Suppose $\lambda>1$ is a Pisot number. Let $f(x)=x^k+a_{k-1}x^{k-1}+\ldots+a_0$ be the irreducible polynomial of $\lambda$ over $\mathbb{Q}$. Let $z_1,\ldots,z_{k-1}$ be the distinct roots of $f(x)$ other than $\lambda$ (so $|z_i|<1$ for all $i$).
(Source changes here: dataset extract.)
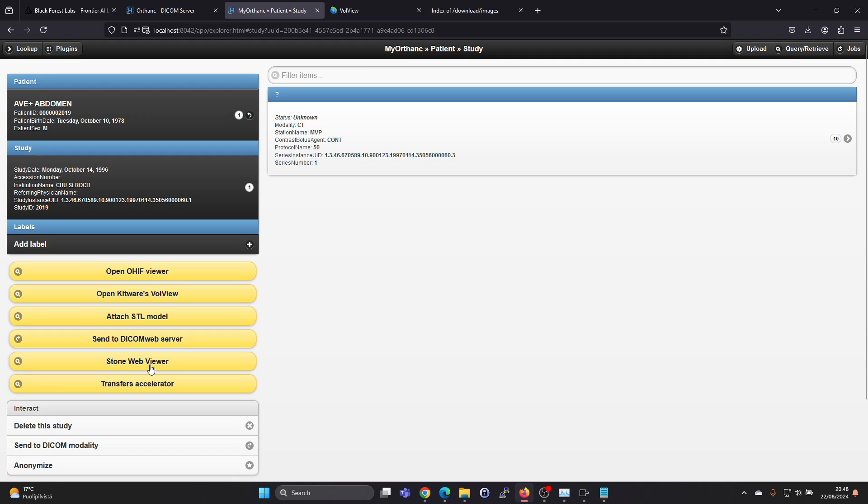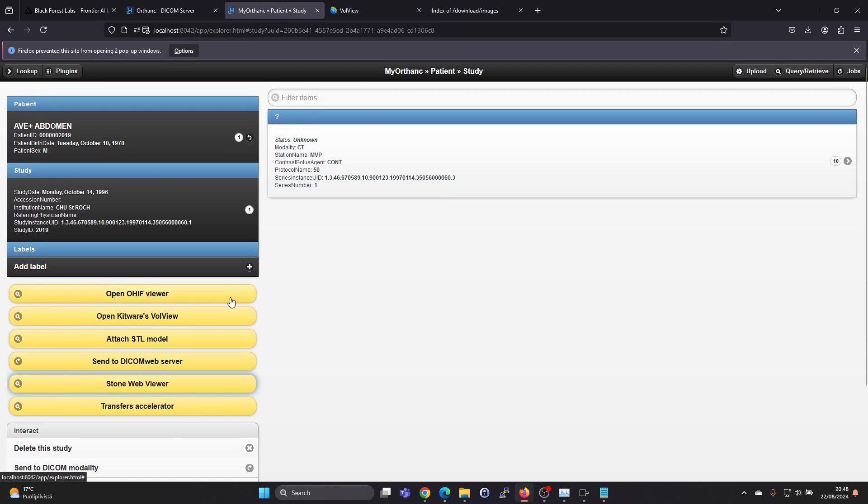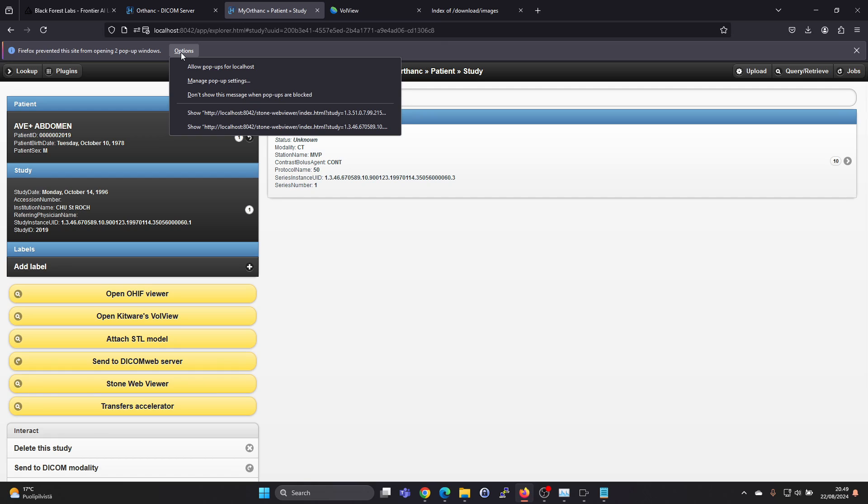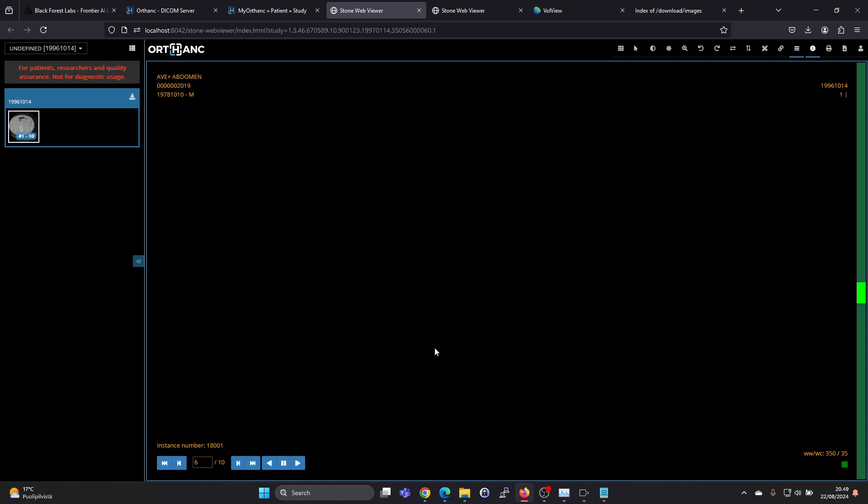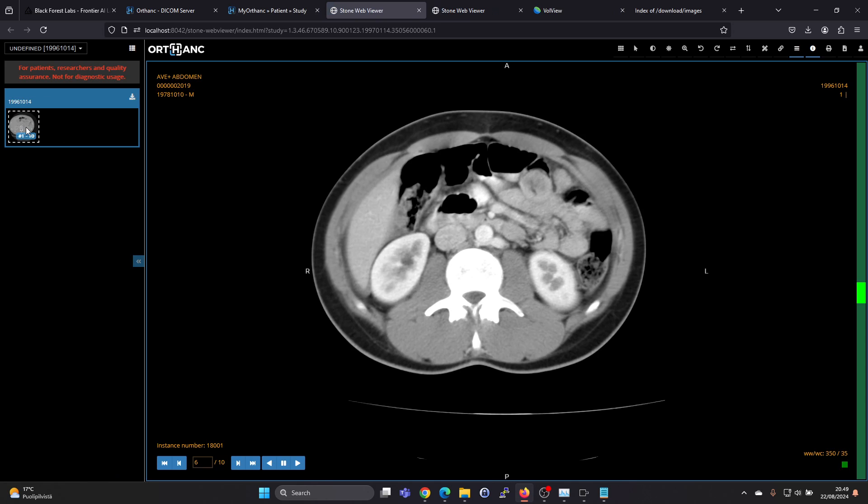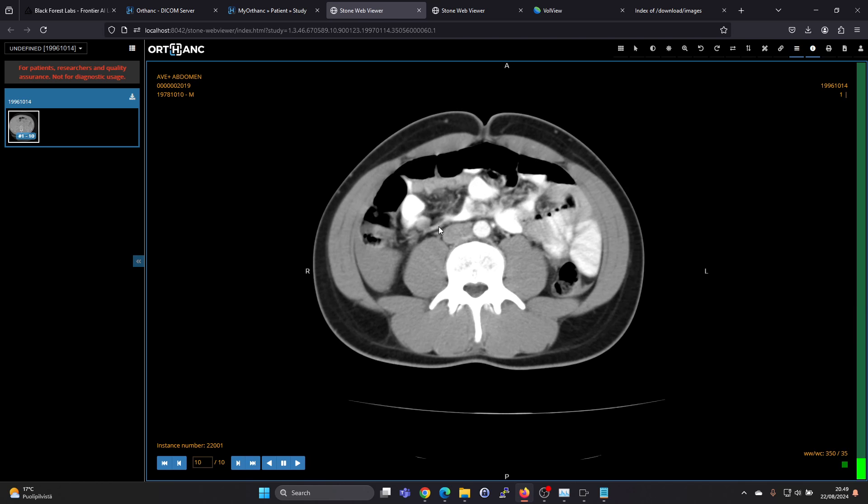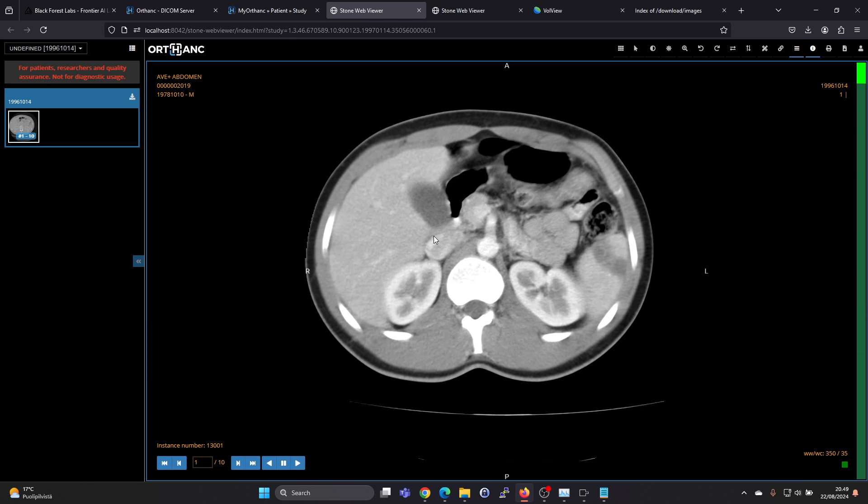And there is StoneWeb viewer. So there are multiple viewers built into this. This one, it says Firefox prevented. We can click on options, allow popups for localhost, and we can view the study here as well.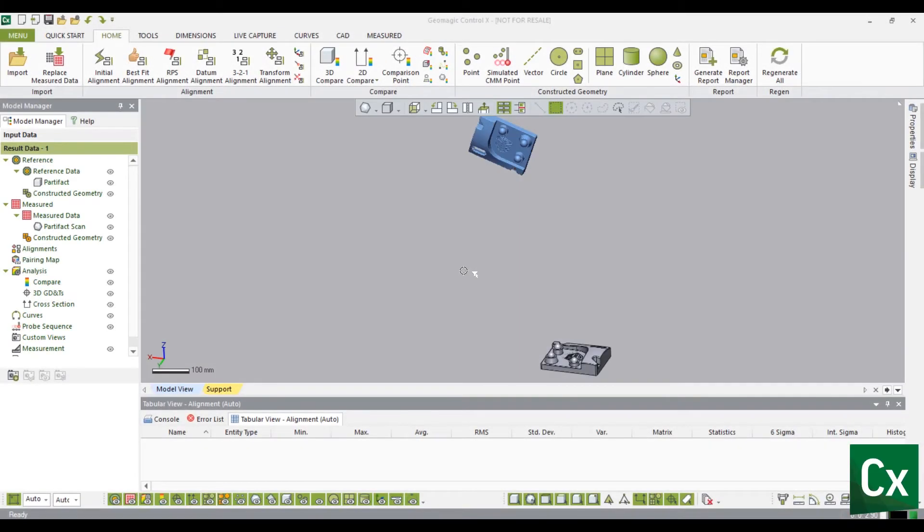Thank you for choosing Geomagic Control X. In this tutorial we will be creating a datum and 3-2-1 alignment.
It is known that, for various real numbers $\alpha$, the sequence $(\Vert\alpha\lambda^n\Vert)_{n=0}^{\infty}$ is square summable. Here are two examples:


1) If $\alpha=1$ then, for sufficiently large $n$, $$ \Vert\alpha\lambda^n\Vert=z_1^n+\ldots+z_{k-1}^n. $$


2) Fix integers $c_0,\ldots,c_{k-1}$ and, for $n\geq k$, define $$ c_n=-(a_{k-1}c_{n-1}+\ldots+a_0c_{n-k}). $$ Then there are $\alpha,\beta_1,\ldots,\beta_{k-1}\in\mathbb{C}$ such that $$ c_n=\alpha\lambda^n+\beta_1z_1^n+\ldots+\beta_{k-1}z_{k-1}^n $$ Then $\Im(\alpha)\lambda^n+\Im(\beta_1z^n_1+\ldots+\beta_{k-1}z^n_{k-1})=\Im(c_n)=0$. So $\alpha$ must be real since $|z_i|<1$ and $\lambda>1$. For sufficiently large $n$, $$ \Vert\alpha\lambda^n\Vert=\beta_1z_1^n+\ldots+\beta_{k-1}z_{k-1}^n. $$


My understanding is that the original work of Pisot provides some information about what real numbers $\alpha$ will give rise to square summable sequences. But I am wondering what is known explicitly about the sequence itself. Specifically, consider some $\alpha$ such that $(\Vert\alpha\lambda^n\Vert)_{n=0}^{\infty}$ is square summable. Is the sequence always expressible using powers of $z_1,\ldots,z_{k-1}$ as in the two examples above (or perhaps powers of some other fixed "eigenvalues")? If this isn't always the case, are there conditions on $\alpha$ which will ensure this?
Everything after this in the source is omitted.